Thank you again for your constructive feedback on our submission. We're writing to follow up with the rebuttal, in which we aimed to address your points directly. The key updates include:

  • Controlled ablations on the pretraining objective and corpus scale.
  • Head-to-head SEQPACK vs. DCP results, particularly at high compression ratios.
  • Clarifications on the quality controls used for SEQ2FUNC.
  • Clearer framing of the novelty and reproducibility of our multi-tasking approach.

As the discussion deadline is approaching, please let us know if anything remains unclear; we are on standby to clarify. Many thanks for your time.

评论

We thank the reviewers for their engagement. Below is a summary of the improvements we made in response to your feedback.

  • Added controlled ablations disentangling pre-training recipe (MLM vs NTP) and corpus scale; results will be included in the revised manuscript [rvnr, nFBa].
  • Benchmarked SeqPack head-to-head with Dynamic Context Pruning at 50–220× compression, showing consistent AUROC gains and minimal latency overhead. [kHNe, nFBa].
  • Clarified SeqPack usage (optional, ratio = 1 preserves SNP-level fidelity) and provided computational-cost breakdown for up-to-819 k tokens (≤ 4 % inference time) [kHNe, nFBa].
  • Introduced ChatNT baseline for the sequence-to-function task; Omni-DNA yields +0.03 F1 and +0.15 MCC over ChatNT@ft while with smaller model size [kHNe].
  • Expanded disease-variant experiment with (i) benign-vs-pathogenic controls and (ii) gene-masked ablation [UqSE].
  • Reported error bars for long-range enhancer-target benchmark and confirmed 450 kbp context for all models [MarC].
  • Provided compression-ratio sweep ablation (c = 50–220) highlighting SeqPack’s robustness [MarC].
  • Re-framed Introduction & limitations to reflect prior GFM architecture exploration, multi-task literature, and context-length claims; to update lines 31-40 [MarC].
最终决定

This paper introduces Omni-DNA, a family of genomic foundation models (GFMs) that support sequence understanding, long-context reasoning, and natural-language annotation. The authors propose a holistic approach that includes architectural optimizations, a novel compression operator (SEQPACK) for handling ultra-long sequences, and a multi-task fine-tuning strategy. The model achieves state-of-the-art results on 18 out of 26 tasks from established genomic benchmarks and demonstrates strong performance in long-range regulatory tasks and sequence-to-function generation. While Reviewers rvnr initially raised valid concerns regarding the novelty of individual components and the potential information loss from the SEQPACK compression operator, the authors' extensive rebuttal and commitment to additional experiments have addressed these issues.

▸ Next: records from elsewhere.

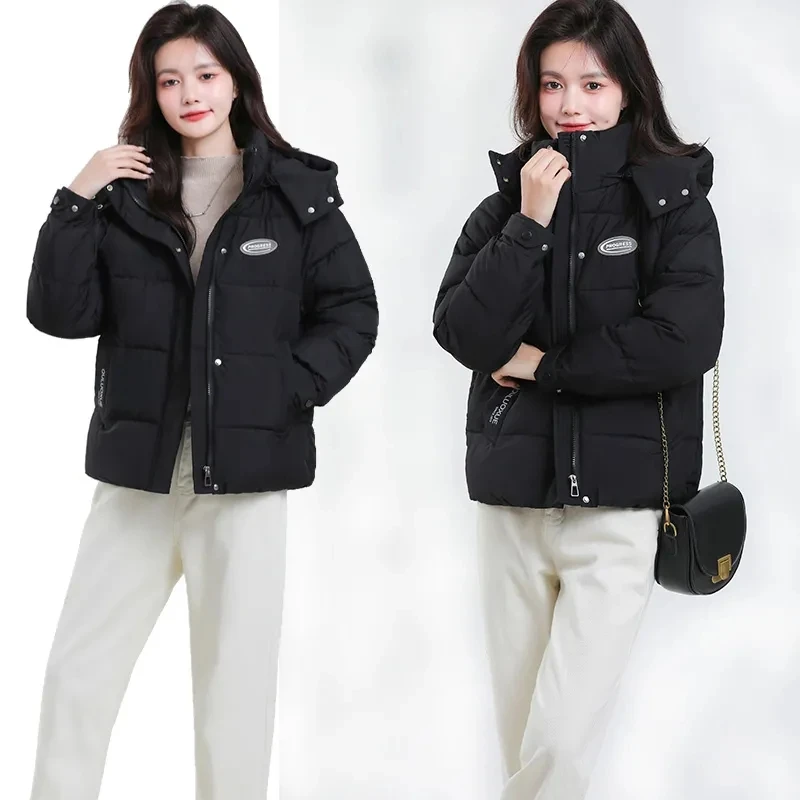 

2023 New Winter Jacket Women Fashion Loose All-match Padded Coat Female Ouerwear Top Hooded Short Thick Warm Casual Paraks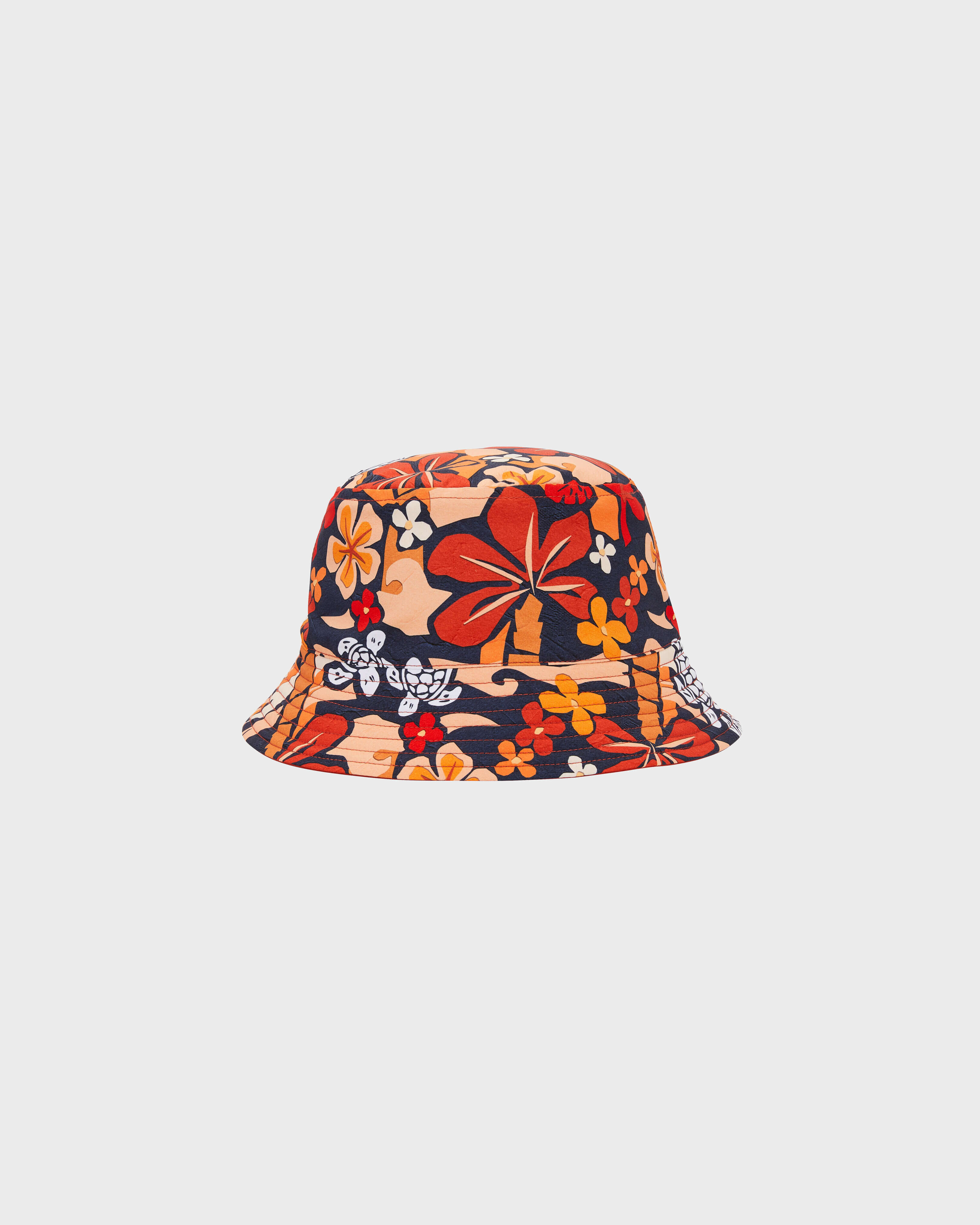Kids Reversible Bucket Hat Monoi Turtles BRICK front view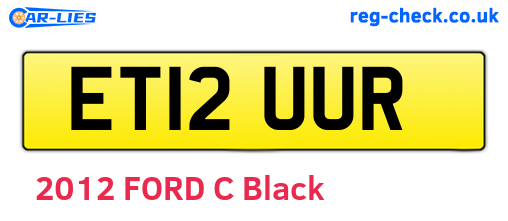 ET12UUR are the vehicle registration plates.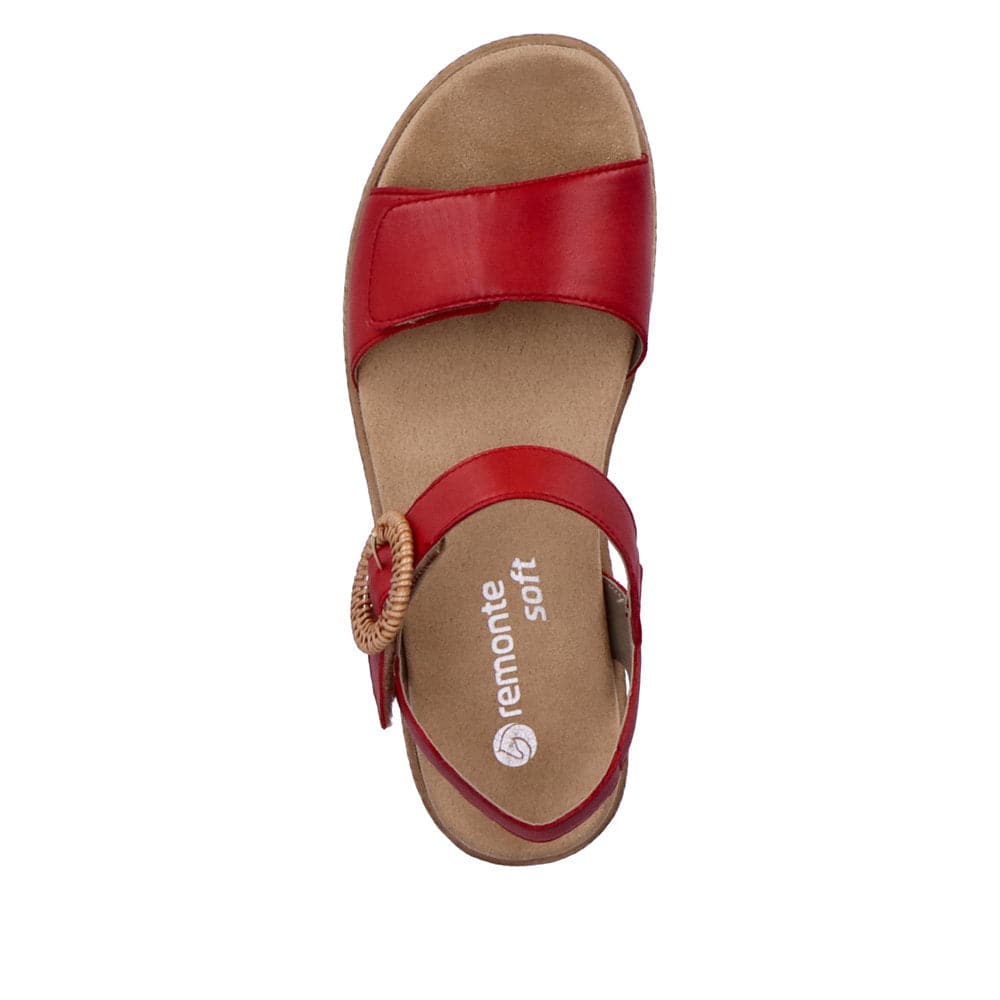 Remonte D0Q52-33 Ladies Red Leather Touch Fastening Sandals-elevate your sole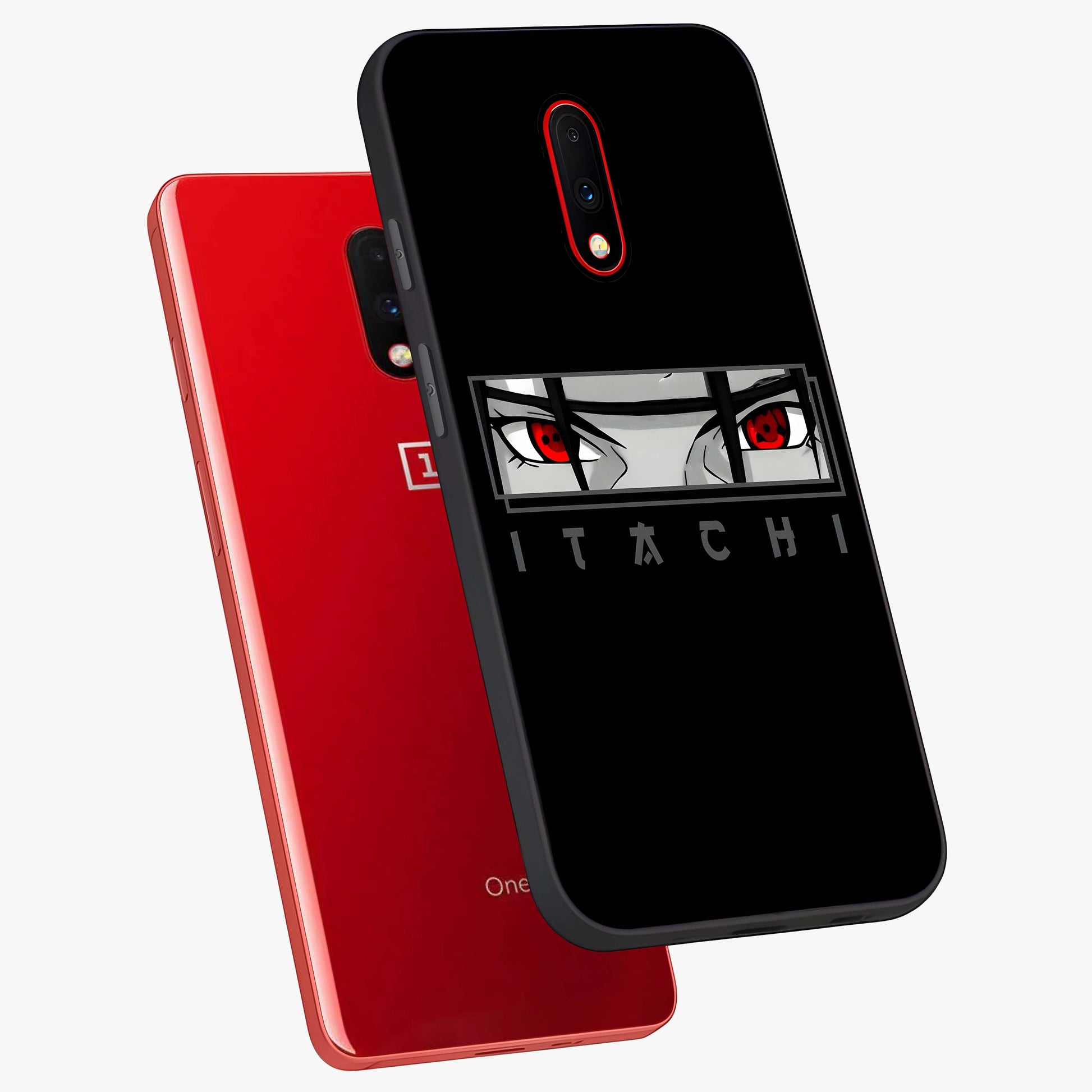 Scarlet Gaze Dominance Glass Case displayed in angled mockup highlighting intense visual design with bold scarlet aesthetic.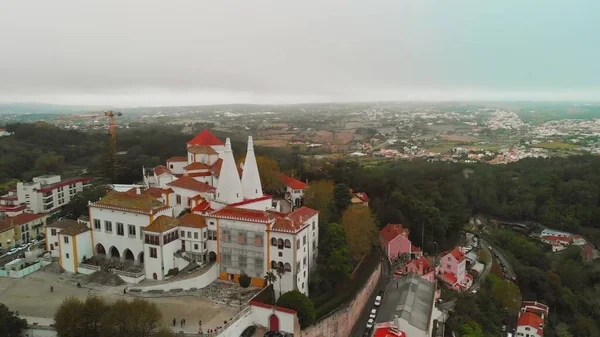 Vista Aérea Del Paisaje Urbano Sintra Día Nublado Portugal —  Fotos de Stock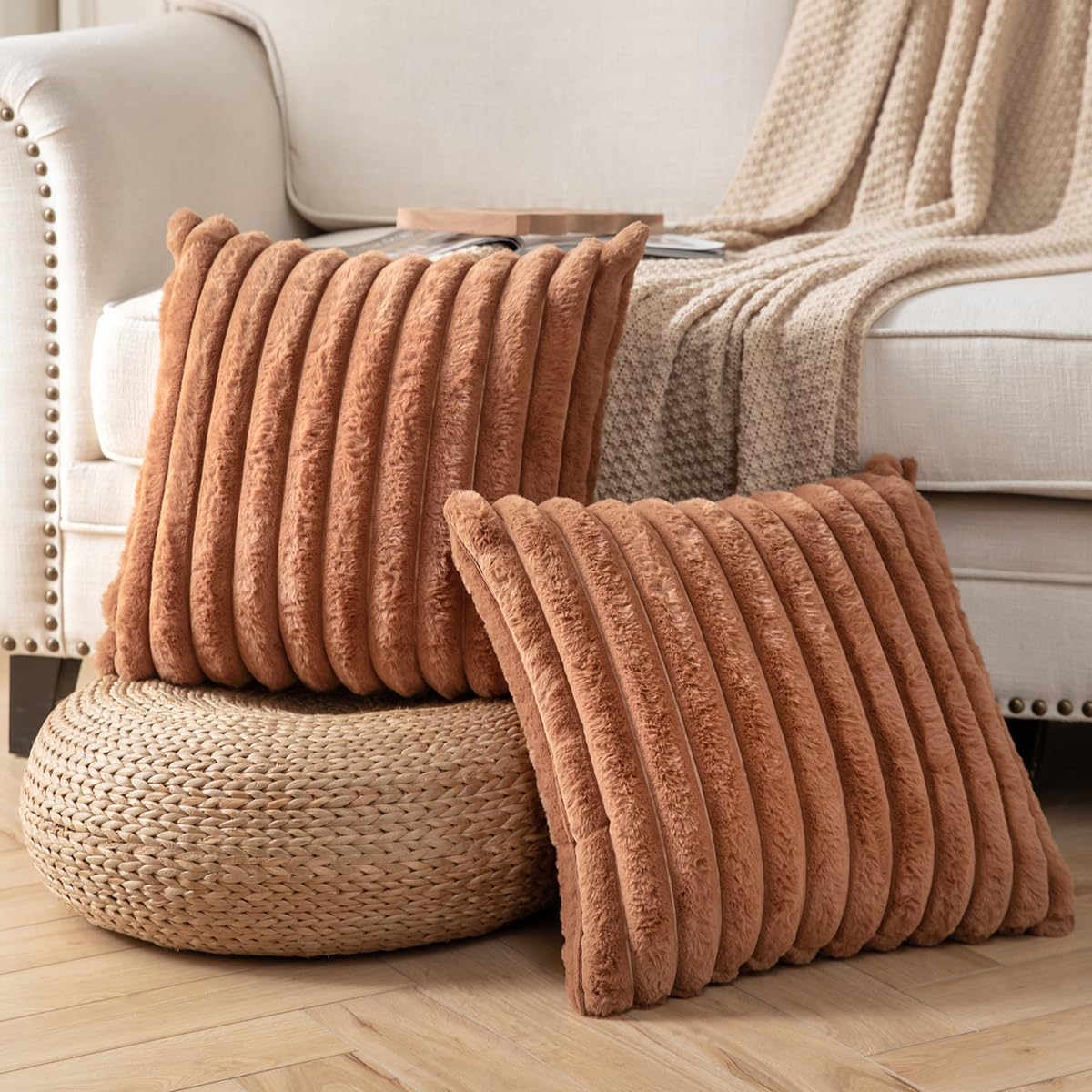 DEELAND Pack of 2,Double-Sided Faux Fur Plush Decorative Throw Pillow Covers Fuzzy Striped Soft Pillowcase Cushion Covers for Sofa Couch Bedroom Brown 26x26 inch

The work is deemed acceptable because its holistic approach—delivering state-of-the-art performance across a wide range of tasks, enabling long-context reasoning, and introducing a novel multimodal capability—provides significant practical utility and a valuable foundation for future research. The overall strengths and the community value of the released models and benchmarks outweigh the initial reservations.